## Task item
The answer must be an exact copy of the lines from the one containing "Poświąteczne CITY TRAIL" through the end of the records, with the pictures left out.

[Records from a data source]
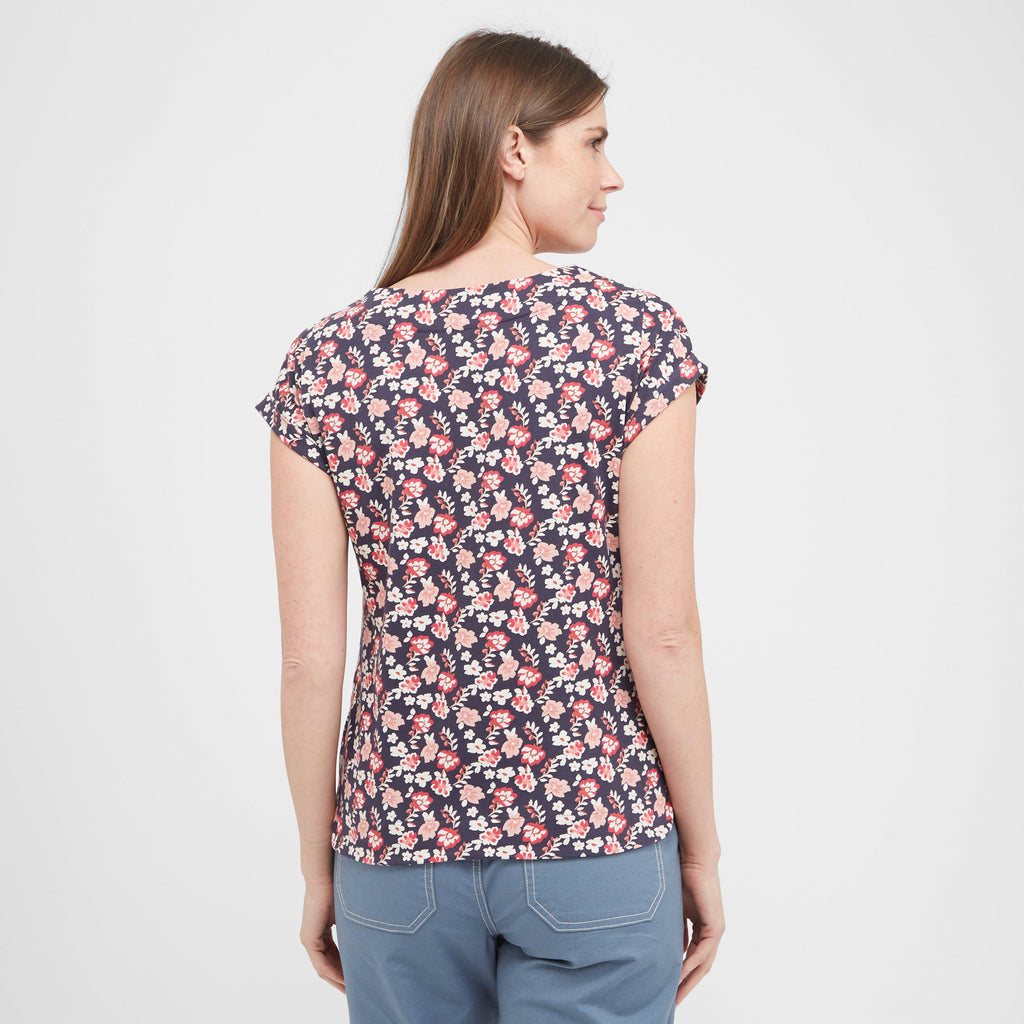 Women's Thandi Patterned T-Shirt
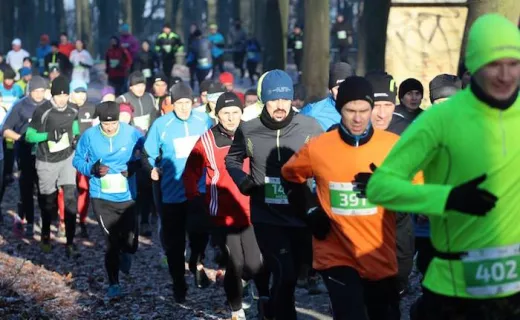 Poświąteczne CITY TRAIL w Olsztynie, Trójmieście i Szczecinie - 1
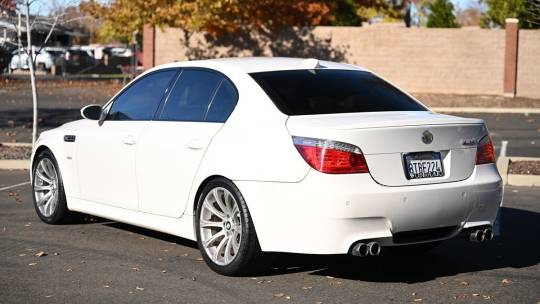 2008 BMW M5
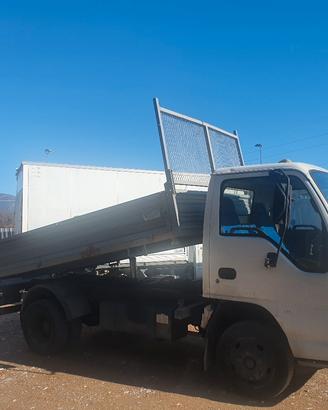 ISUZU RIBALTABILE 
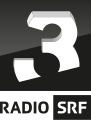 Logo attuale Radio SRF 3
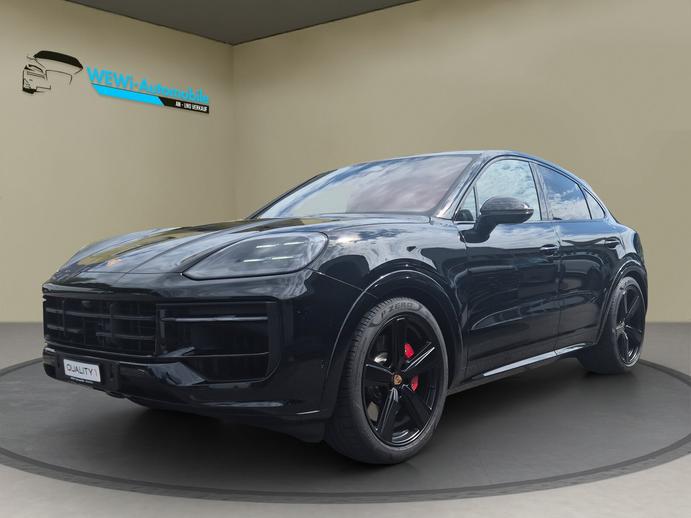 PORSCHE Cayenne Coupé GTS Tiptronic, Benzin, Occasion / Gebraucht, Automatik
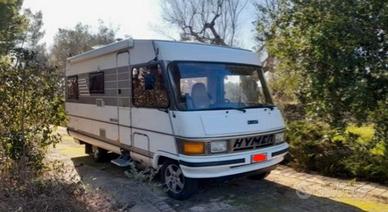 camper motorhome 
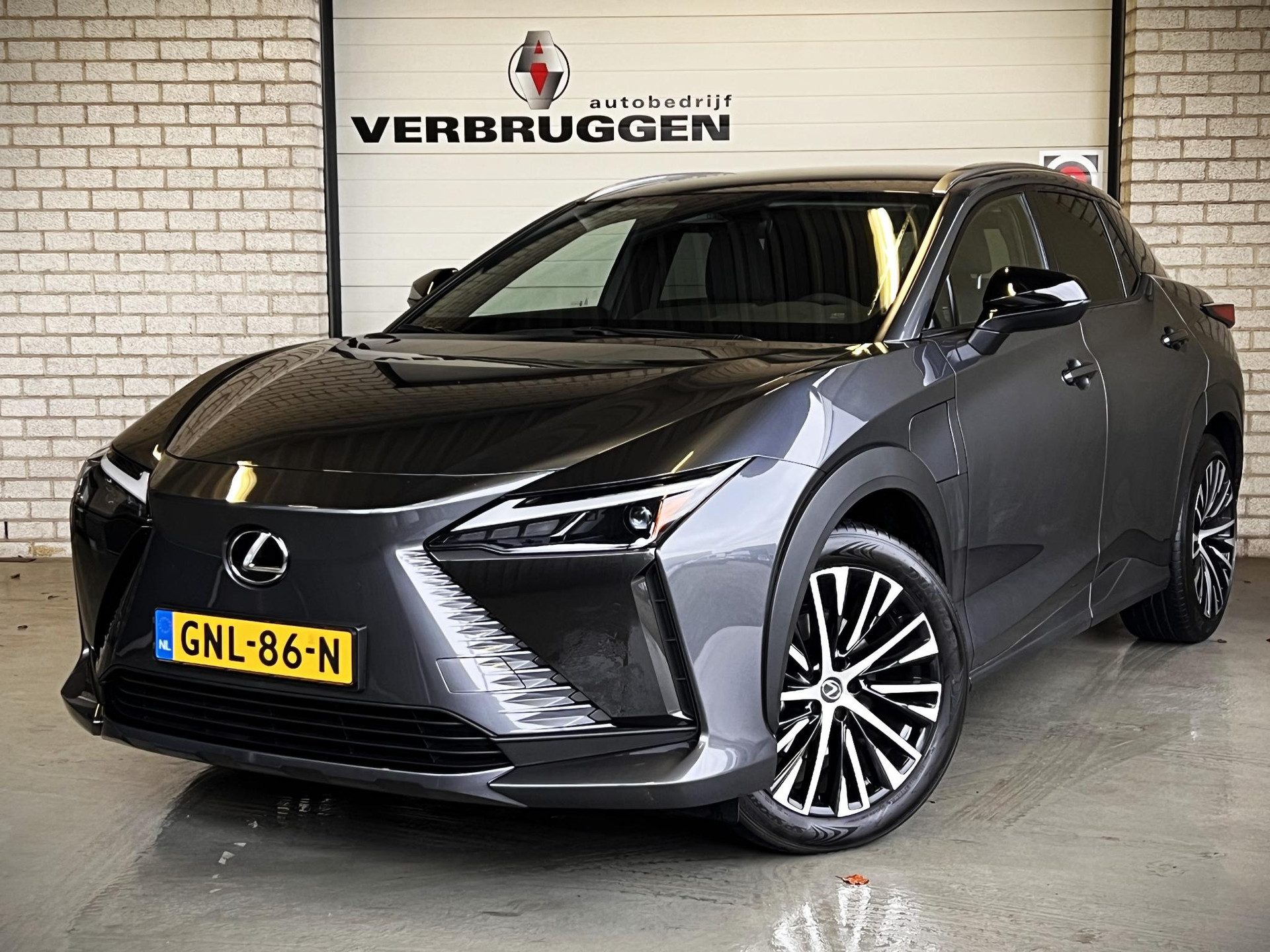 Lexus RZ 450e Executive Line 71 kWh Premium Pack | 20" LMV | Leder | Carplay | Adap.Cruise | All-in rijklaarprijs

## Solution to this task
 Poświąteczne CITY TRAIL w Olsztynie, Trójmieście i Szczecinie - 1
 2008 BMW M5
 ISUZU RIBALTABILE 
 Logo attuale Radio SRF 3
 PORSCHE Cayenne Coupé GTS Tiptronic, Benzin, Occasion / Gebraucht, Automatik
 camper motorhome 
 Lexus RZ 450e Executive Line 71 kWh Premium Pack | 20" LMV | Leder | Carplay | Adap.Cruise | All-in rijklaarprijs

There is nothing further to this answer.